**Data shown**:
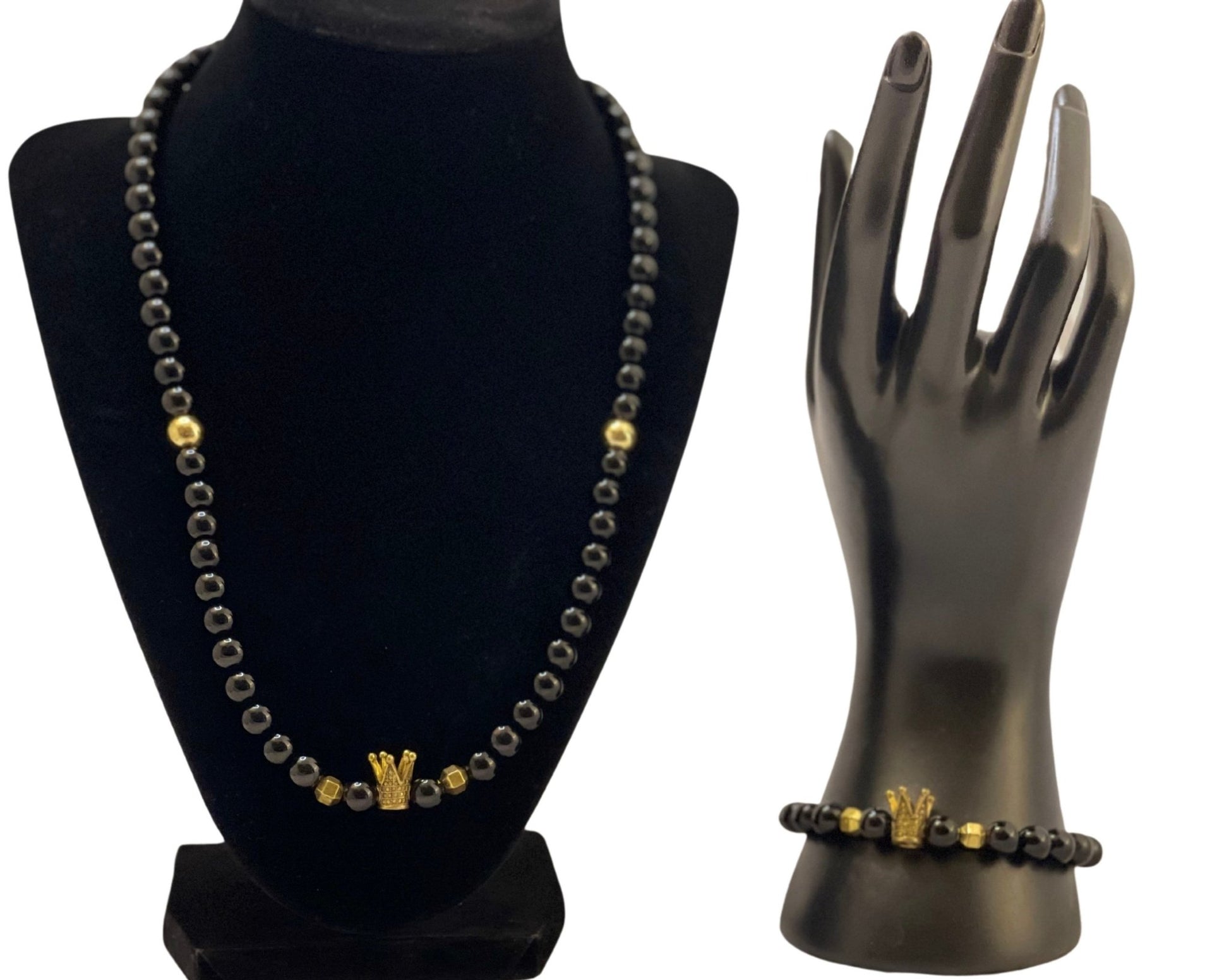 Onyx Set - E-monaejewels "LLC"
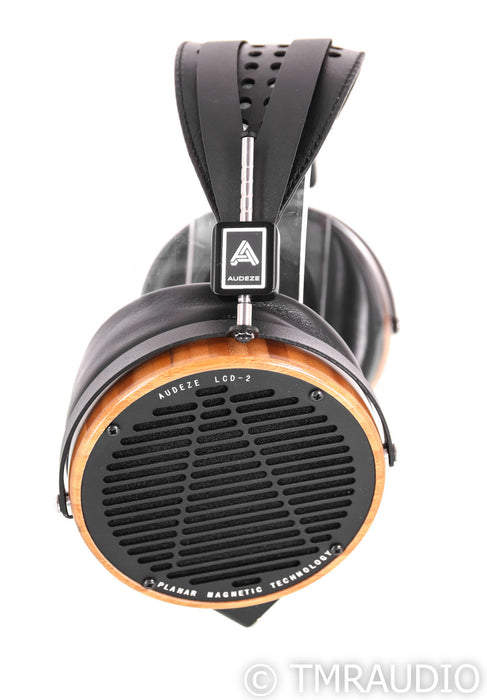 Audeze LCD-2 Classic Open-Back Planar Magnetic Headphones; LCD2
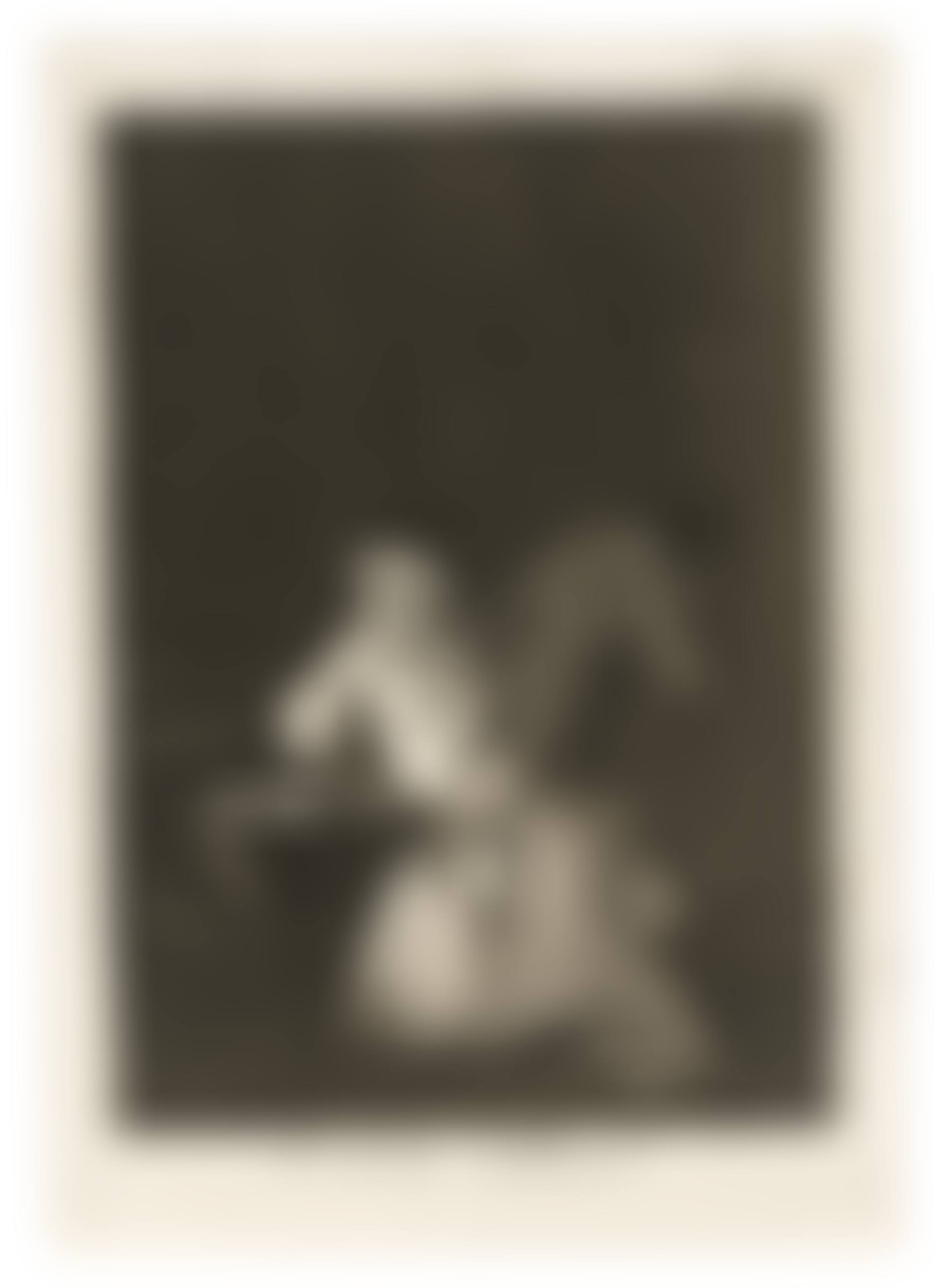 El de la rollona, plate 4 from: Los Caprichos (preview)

**Instructions for the task**:
The required output is the listing above reproduced exactly, pictures removed.

**Answer space**:
 Onyx Set - E-monaejewels "LLC"
 Audeze LCD-2 Classic Open-Back Planar Magnetic Headphones; LCD2
 El de la rollona, plate 4 from: Los Caprichos (preview)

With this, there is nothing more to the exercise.